Tag: total translation
Aasemic writing
Asemic writing is writing you can’t read. Semic writing is writing you can. (A back formation, there’s no such word.) I am at play, finessing the difference, with aasemic writing.
A joy of asemic writing is that it draws all the promise of meaning-making, all the whole multifoliate interpretive apparatus, into activity, w/o resolution or conclusion. It’s Steinian indeterminacy, in not the syntax but the graphemes. It’s the made mark as blastocyst, as stem cell, as potential to become. Is it a Deleuzian plateau? Maybe, still sweating that concept out.
So the aasemic script I’ve been playing with is neither indeterminate nor determinate. (GOD you can take this non-dualist thing too far, mm? how’s this not just centrist squish?) It starts with a journal page transcribed in a projective hand – descender a plunge, cross-stroke a jailbreak. Then I wave or shiver it over the photocopier light bar as it slides under, gathering data in.
All this is lead in to say, The New Post-Literate has posted a few, and that makes me happy, cuz they’re the first bits of Overject to be published, other than here, which don’t count. Here’s the link.

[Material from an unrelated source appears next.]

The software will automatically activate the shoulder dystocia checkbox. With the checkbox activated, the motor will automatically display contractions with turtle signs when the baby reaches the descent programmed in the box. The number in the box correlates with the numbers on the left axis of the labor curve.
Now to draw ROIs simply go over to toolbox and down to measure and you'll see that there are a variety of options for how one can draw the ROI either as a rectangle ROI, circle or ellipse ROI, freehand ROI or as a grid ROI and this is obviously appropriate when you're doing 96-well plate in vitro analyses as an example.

And here are a few other recent offerings there I think especially cool.
The home page of The New Post-Literate where it’s all to be found.

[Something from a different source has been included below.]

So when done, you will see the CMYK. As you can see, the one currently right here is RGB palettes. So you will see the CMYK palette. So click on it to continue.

A lot of my trouble w/ academic parlance comes from trying to translate Buddhist vocabulary and values to a non-Buddhist circumstance. Most of the rest of it comes from being a lazy and a lousy Buddhist. (The latter’s 90%.)
Feste to Viola, Twelfth Night, “I am [a] corrupter of words.” After they’ve just rung their changes on live, stand, lie. I compared the move on lie to a triple-axle – Viola to Feste, “yo watch this move” – and one of my students found a sextuple axle in it, bam. Post-structuralism, its insights, e.g., words’re banana peels, dates back at least to Shakespeare, if not to Jesus? “On this rock I build my church,” that’s a pun, Jesus is making a funny, I told them, explaining the finger joints of a dactyl, by way pterodactyl. Petros (Peter), petra (rock). Long live the rhizome. Weed shoot that cracks the rock.
Maybe a bit like this
I was at a lovely poetry event last night, Kitchen Sessions Bellingham, very capacious in its tastes (its heart also), though the emphasis was spoken word, and I found me thinking near the end, Cool. Spoken word poets are the scops, the bards, of our time. And this form they work in, spoken word, is about the one form we’ve got that says direct intense heartfelt personal disclosure is crucial to (not an impediment to) the art.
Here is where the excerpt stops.